2012年3月31日現在のシャープの純資産は6,451億円、繰延税金資産残高は1350億円です。

2013年3月期 通期の業績を、会社は8月2日に、売上高は2兆5,000億円、営業利益はマイナス1,000億円、経常利益はマイナス1,400億円、当期純利益は、構造改革費用などの特別損失を織り込みマイナス2,500億円と予想を修正しています。

業績予想に繰延税金資産の取り崩しをどの程度見込んでいるかは不明ですが、仮に全く織り込まれていないとすると、当期純利益のマイナスは取り崩し分だけさらに膨らむ可能性があります。仮に1350億円全額が取り崩されるすると、自己資本比率は10%近くまで低下するため、資本増強は不可避ということになります。

繰延税金資産が取り崩しされるか否かは、繰延税金資産の回収可能性の有無によって判断されます。

繰延税金資産の回収可能性の判断において、収益力に基づく課税所得の十分性が問題となります。収益力に基づく課税所得の十分性は、将来減算一時差異の解消年度ないし税務上の繰越欠損金の繰越期間において課税所得が発生する可能性が高いと見込まれるか否かにより判断されます(簡単に言うと、今よけいに収めている税金は将来の支払税額の減額という形で返してもらうことになるが、将来課税所得が出なければ、そもそも税金を払わないので税額の減額もできないので税金を返してもらうこともできない。したがって、合理的に課税所得の発生が見込まれる範囲でしか資産計上できない、ということです)。

将来の課税所得の合理的な見積りに関して実務上の指針となるのが、監査委員会報告第66号「繰延税金資産の回収可能性の判断に関する監査上の取扱い」(以下、委員会報告66号)です。委員会報告66号では、過去の業績等の状況を主たる判断基準として、会社の状況を代表的な五つの場合に分け、回収可能性を判断するに当たっての考え方を示しており、実務上は委員会報告66号に従い、将来の課税所得の合理的な見積りが行われています。

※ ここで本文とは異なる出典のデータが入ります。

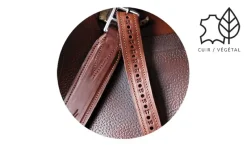 Freejump Stirrup Irons|Stirrup Leathers<Classic Wide Stirrup Leathers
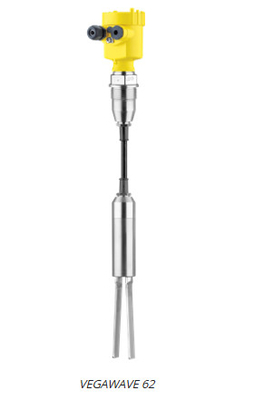 WE62.XXHNFTAMX VEGAWAVE 62 Vibrating Level Switch With Suspension Cable For Powders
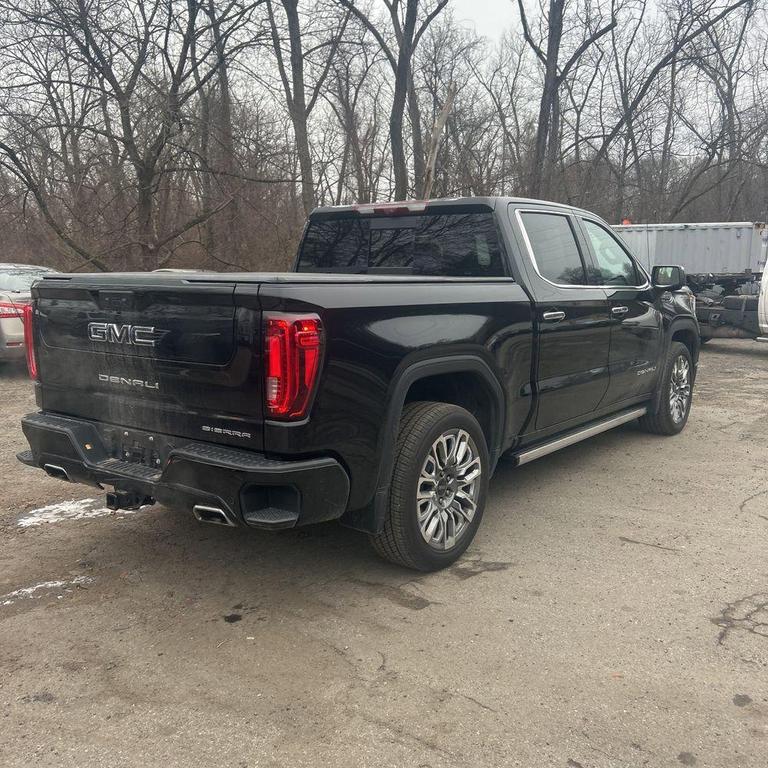 used 2024 GMC Sierra 1500 car, priced at $65,999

委員会報告に書かれている五つの場合のうち、シャープは以下の状況にあると思われます。

■重要な税務上の繰越欠損金が存在する会社
期末において税務上の繰越欠損金に重要性が存在する会社、過去(概ね3年以内)に重要な税務上の欠損金が期限切れとなったような会社または当期末において重要な税務上の欠損金の繰越期限切れが見込まれる会社は、通常、将来の課税所得を合理的に見積ることは困難であると判断される。従って、そのような会社においては、翌期の課税所得の発生が、確実に見込まれる場合であって、かつその範囲内において、翌期の一時差異のスケジューリング結果に基づき繰延税金資産を計上している場合には、当該繰延税金資産に回収可能性があるものと判断する。
ただし、税務上の繰越欠損金が、リストラを実施したなどの特別な要因に基づいて発生したものであり、それを除けば課税所得を毎期計上しているような場合は、将来の合理的な見積可能期間(概ね5年)内の課税所得を限度に繰延税金資産を計上することができる。

現状、ただし書きの状況にあるとの判断に基づき、5年内の課税所得の範囲で繰延税金資産を計上していると思われますが、会社が本文の状況にある(つまり損失はリストラ等により発生した一時的なものでない)と判断が変更されるなら、翌期の課税所得の範囲でしか繰延税金資産を計上できないということになります。

ゴールドマンはその可能性を指摘した上で、資本増強の必要性について言及したものと思われます(リポートを
見たわけではないので、あくまで推測です)。